* TO DO *
Copy out the lines beginning with the one that contains "盒马工坊 日式和风照烧鸡排能量碗380g" and ending with the last line below, exactly as they stand. Pictures are not copied.

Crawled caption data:

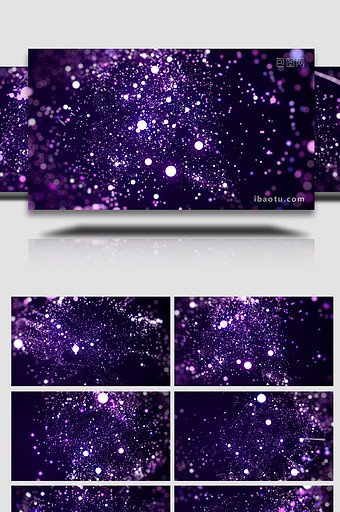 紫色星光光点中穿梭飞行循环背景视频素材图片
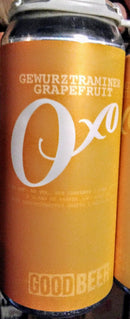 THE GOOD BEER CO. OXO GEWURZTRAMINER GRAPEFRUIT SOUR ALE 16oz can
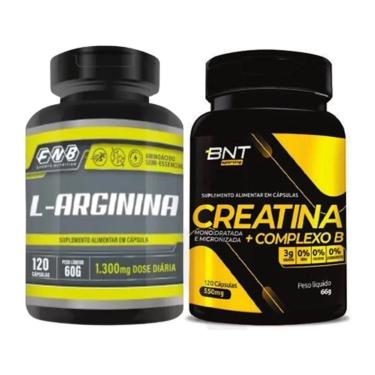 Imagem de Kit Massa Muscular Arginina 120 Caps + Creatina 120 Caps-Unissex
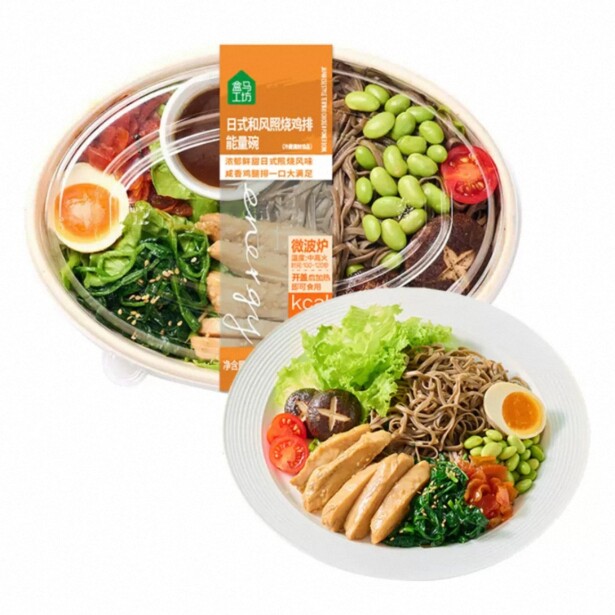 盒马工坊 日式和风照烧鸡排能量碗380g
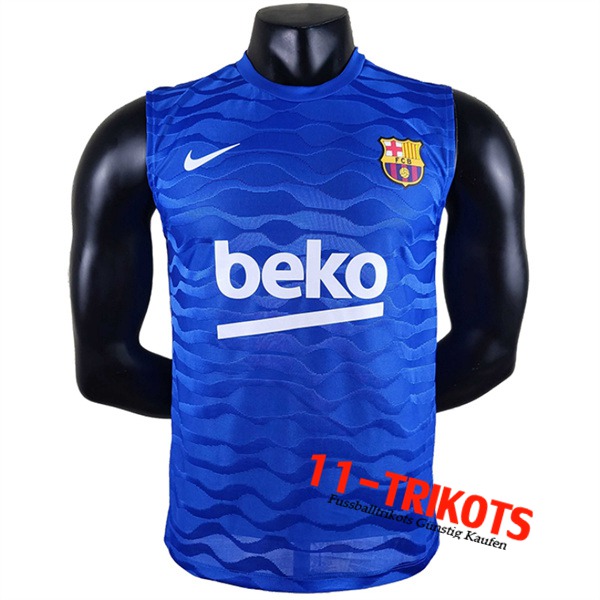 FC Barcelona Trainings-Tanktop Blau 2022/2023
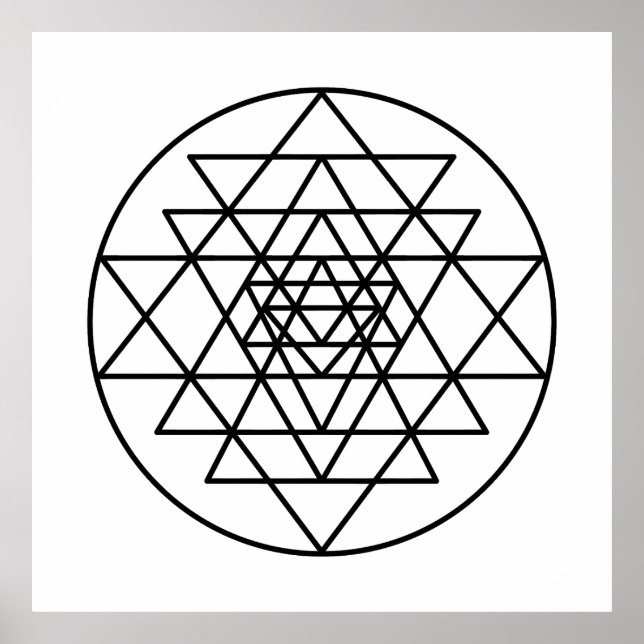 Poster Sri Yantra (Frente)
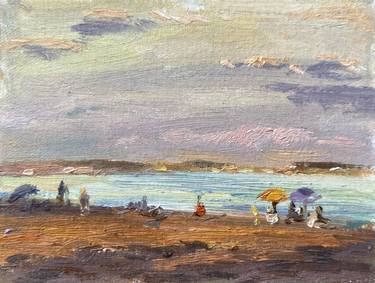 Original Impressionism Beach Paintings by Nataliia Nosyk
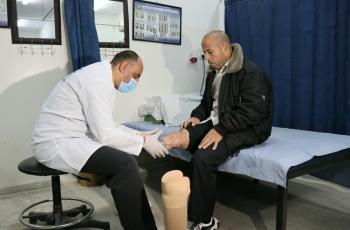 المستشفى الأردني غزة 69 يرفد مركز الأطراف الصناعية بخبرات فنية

* THE ANSWER *
 盒马工坊 日式和风照烧鸡排能量碗380g
 FC Barcelona Trainings-Tanktop Blau 2022/2023
 Poster Sri Yantra (Frente)
 Original Impressionism Beach Paintings by Nataliia Nosyk
 المستشفى الأردني غزة 69 يرفد مركز الأطراف الصناعية بخبرات فنية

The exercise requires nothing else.